Diploma 3 Forensic Architecture using a Pléiades satellite photograph of eastern Rafah, 11.39am, 1 August 2014


Christina Varvia, Merve Anil

From Brunelleschi’s anamorphic projections to present-day machine vision the architectural act has always relied on optical devices to inform its perception and production of space. Today, the speed with which new technological prostheses transform our sensorium – our ability to see, hear, perceive – challenges the boundaries of architecture. This unit proposes a deep interrogation of the technologies that capture, process and transform space into media.

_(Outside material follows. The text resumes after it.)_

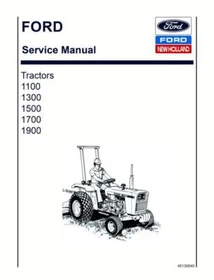Ford 1100, 1300, 1500, 1700, 1900 Tractor Service Manual Repair Shop Book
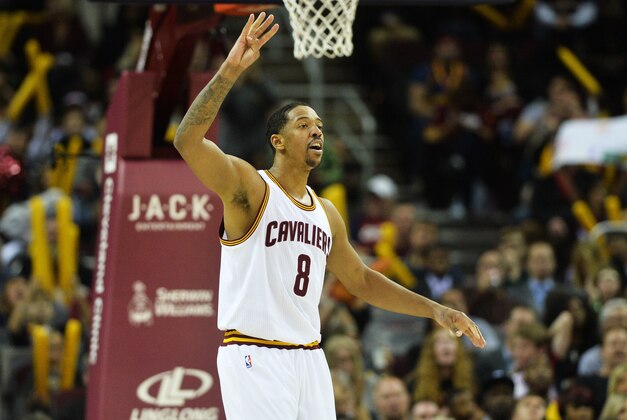 Nov 13, 2016; Cleveland, OH, USA; Cleveland Cavaliers forward Channing Frye (8) celebrates during the second half against the Charlotte Hornets at Quicken Loans Arena. The Cavs won 100-93. Mandatory Credit: Ken Blaze-USA TODAY Sports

Nowhere is this more relevant than in the fields of conflict. Territories are no longer only physical realities guarded by fences but also fields of view, frequency spectrums, circuits of electricity. Whether smartphones, body cameras, CCTV, drones, satellites, radar, sonar, or laser, these systems have a political afterlife. When such media enter into the legal process as evidence, their technological thresholds are in fact the locale of political struggle – they are fought over, often with the same rigour as nations defend their physical borders. If architects are to regain their agency within the media-saturated present, they ought also to become critical technologists, experts, artists and activists.

Drawing from the work of Forensic Architecture, the unit will develop investigative frameworks to examine the ruptures of civic life, the moments when otherwise dormant political forces erupt in violent expression. We will analyse the choreography of violence and forensically unpack breaking news about police brutality, urban warfare and government corruption.

Working in four dimensions and shifting scales from the granularity of the moment to the latency of centuries, we will design optical devices, media hacks, radio glitches and spatial interventions that will mobilise and activate political movements.

Building on a series of open research seminars and workshops with theorists, scientists, activists and artists, the projects will operate in a variety of forums, from human rights courts to parliaments, press conferences and exhibitions. These forums will be considered as sites for intervention, as well as presentation and performance, making the research operative, enacted and alive.


Christina Varvia is an architect, researcher and the Deputy Director of Forensic Architecture at Goldsmiths College. Her research concentrates on architectural evidentiary techniques, digital media and memory. She has worked with multiple NGOs and published and exhibited internationally. She recently joined the Technology Advisory Board at the International Criminal Court in the Hague.

Merve Anil is a qualified architect and has worked at numerous practices based in London, Rotterdam and Istanbul across a range of scales and methodologies, including as a researcher whilst at OMA. Merve graduated from the AA in 2014 and currently works for London-based practice AHMM.

Unit Collaborator

Eyal Weizman is an architect, Professor of Spatial and Visual Cultures, and Director of Forensic Architecture. He is a founding member of the architectural collective DAAR in Beit Sahour/Palestine and a member of board of directors of the Centre for Investigative Journalism. His books include Forensic Architecture: Violence at the Threshold of Detectability, FORENSIS, Mengele’s Skull (with Thomas Keenan), The Least of All Possible Evils, and Hollow Land.